Aside from the obvious work of feeding and keeping cages clean, one of the most challenging aspects of living with companion parrots is finding ways to keep them busy. A bored bird is an unhappy bird, and an unhappy bird often will resort to undesirable behaviors such as screaming, biting or feather destruction.
This is difficult enough with a parrot who can see, but it’s even more challenging for a blind bird. How do you entertain her?
You do the obvious. You take her to Home Depot.
Despite the fact that Luna is often afraid of strangers who get in her personal space, she loves to go bye-bye. This isn’t your everyday love, either, this is l-o-v-e, love. The other day, we had to run an errand to pick up some supplies, and as we headed out the door, we asked her if she wanted to be moved to another perch.
No response. That means no in Luna talk.
Then, just as a lark, since it was an unseasonably beautiful day, I asked, “Do you want to go bye-bye?”
Luna’s head popped up as if someone had shocked her in the tail. “Rrrrp!” she growled. That means yes in Luna talk. She scrambled off her perch onto my hand.
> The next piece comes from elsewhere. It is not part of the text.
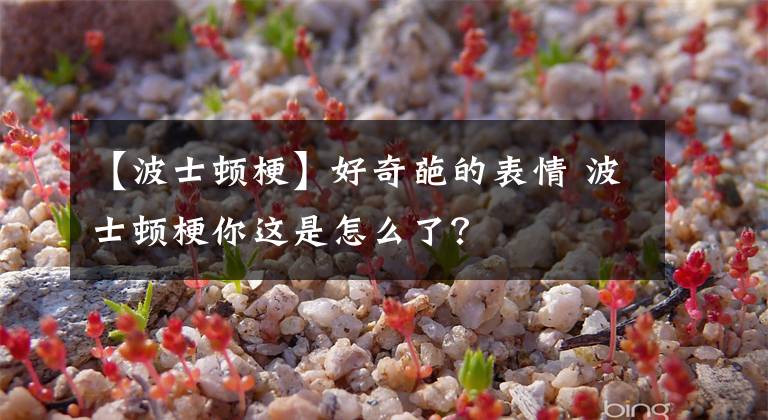 【波士顿梗】好奇葩的表情 波士顿梗你这是怎么了？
We climbed in the car, and drove a few blocks to Home Depot. We could have walked, it was such a nice day, but we didn’t want to have to carry all our purchases home.
Now I’m not sure if this is true in all areas, but our Home Depot doesn’t seem to care if people bring their well-behaved pets shopping. We weren’t the only people there with companion animals, though we were the only ones with a bird. We saw a variety of fluffy dogs stuffed in handbags, and one particularly pampered pooch was sitting on a white satin pillow inside a shopping cart.
I kid you not. A white satin pillow.
When I saw the woman I couldn’t hold back. “I guess it’s bring your pets to Home Depot Day,” I remarked.
She looked at me for a second, puzzled. Then she saw Luna on my shoulder. “I guess you are right!” she laughed.
Luna loved Home Depot. I could tell, because the entire time we were there, she purred like a noisy cat. I don’t know if this behavior is unique to macaws in general, Severe Macaws in particular, or just one of Luna’s odd little quirks, but it’s certainly endearing.
Before we went inside, we walked around in the garden department. We stopped by all the different flowers, looking for the ones that had the most scent. Although some people say that parrots don’t have much of a sense of smell, I am pretty sure that Luna uses hers to the fullest. As we walked around, I kept up a running commentary. If I could smell something, I’d tell her what it was. We wandered around outside in the sun, sniffing plants.
I’m sure the nearby shoppers thought I was crazy. I remember an elderly gentleman looking at me as if he wasn’t sure which one of us had lost our marbles. Was it me because I was talking to a bird, or was it him for imagining me carrying on a conversation with a bird?
Luna purred the entire time, except when we had to pass through the section with rather stinky garden chemicals. I think she could smell them, and didn’t much care for the odor. I didn’t much like it either, so I increased my pace and quickly walked through. When we reached the other, better-smelling side, she resumed her happy noise. When we went up to the check-out, I explained the sounds she was hearing. I didn’t want the price scanner to alarm her, so I explained we were going through the check-out to pay for our stuff. The checker smiled as we went through.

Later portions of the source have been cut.